A Polynomial Lower Bound for Testing Monotonicity by Aleksandrs Belovs and Eric Blais (arxiv). Surely the reader needs little introduction to testing monotonicity of Boolean functions, and a previous Open Problem post should help. A quick summary: we want to test monotonicity of \(f:\{0,1\}^n \rightarrow \{0,1\}\). The best upper bound is the \(\widetilde{O}(\sqrt{n})\) non-adaptive, one-sided tester of Khot et al. There is a matching, non-adaptive lower bound (up to polylog terms) by Chen et al, implying the best-known adaptive lower bound of \(\Omega(\log n)\).
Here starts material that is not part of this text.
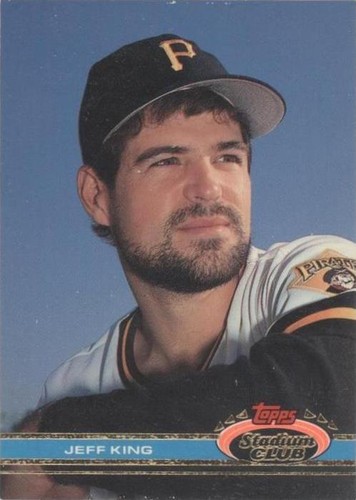 1991 Topps Stadium Club - Jeff King #528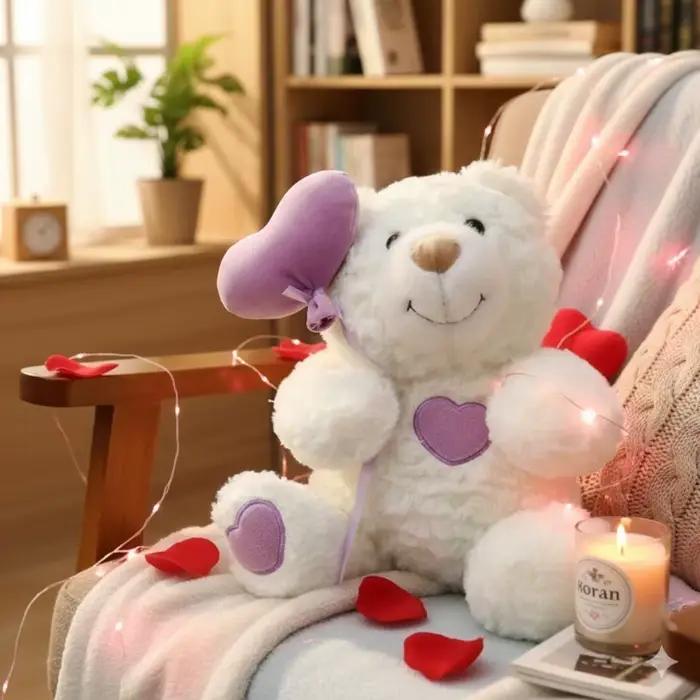 Ours en peluche en forme de cœur pour la Saint-Valentin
Can adaptivity help? This paper proves an adaptive lower bound of \(\Omega(n^{1/4})\). Exciting! The approach of Chen et al is to focus on monotonicity of linear threshold functions (technically, regular LTFS, where the weights are bounded). The authors show that this property can be tested in \(\mathop{poly}(\log n)\) time, shooting down hopes of extending the LTF approach for adaptive lower bounds. The key insight is to work with the distribution of Talagrand’s random DNF instead, which is the most noise sensitive DNF. (Talagrand strikes again. He helps the upper bound, he helps the lower bound.) Perturbations of this DNF lead to non-monotone functions, the paper proves that these distributions cannot be distinguished in \(o(n^{1/4})\) queries.
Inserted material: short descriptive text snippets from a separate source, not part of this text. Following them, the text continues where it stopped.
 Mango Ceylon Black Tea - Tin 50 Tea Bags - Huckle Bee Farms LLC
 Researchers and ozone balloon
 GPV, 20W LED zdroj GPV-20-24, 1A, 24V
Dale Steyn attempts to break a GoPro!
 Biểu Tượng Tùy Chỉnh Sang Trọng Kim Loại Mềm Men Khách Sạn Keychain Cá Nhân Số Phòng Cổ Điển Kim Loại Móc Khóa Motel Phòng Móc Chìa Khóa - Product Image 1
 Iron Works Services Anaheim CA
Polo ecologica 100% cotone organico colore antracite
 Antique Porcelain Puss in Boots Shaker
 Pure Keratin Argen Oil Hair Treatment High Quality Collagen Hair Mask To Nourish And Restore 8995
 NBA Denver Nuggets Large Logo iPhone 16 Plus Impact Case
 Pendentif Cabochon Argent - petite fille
Lower bounds for constant query affine-invariant LCCs and LTCs by Arnab Bhattacharyya and Sivakanth Gopi (arxiv). Think of any code as a set/property of codewords in the domain \(\Sigma^N\). Such a code is an \(r\)-LTC if it has an \(r\)-query property tester. An \(r\)-LCC is has the property that, given any \(x \in \Sigma^n\) sufficiently close to a codeword, one can determine any coordinate of the codeword using \(r\)-queries. A fundamental question is to understand the length of LCCs and LTCS, or alternately (fixing \(\Sigma^N\)) determining the largest possible set of codewords. Existing constructions typically have much symmetry, either linear or affine invariance. (Check out Arnab Bhattacharyya’s survey on affine invariant properties for more details.) It is convenient to think of any codeword as a function \(f: [N] \rightarrow \Sigma\), and furthermore, think of \([N]\) as a vector space \(\mathbb{K}^n\). The best known construction of Guo, Kopparty, and Sudan yields (affine-invariant) LCCs of size \(\exp(\Theta(n^{r-1}))\) and LTCs of size \(\exp(\Theta(n^{r-2}))\) (many dependences on \(\mathbb{K}\), the rate, etc. are hidden in the big-Oh). This paper show that these bounds are actually the best achievable by any affine-invariant code. (Previous lower bounds of Ben-Sasson and Sudan only held for linear codes.) The intriguing and wide-open question is to prove such lower bounds without affine invariance.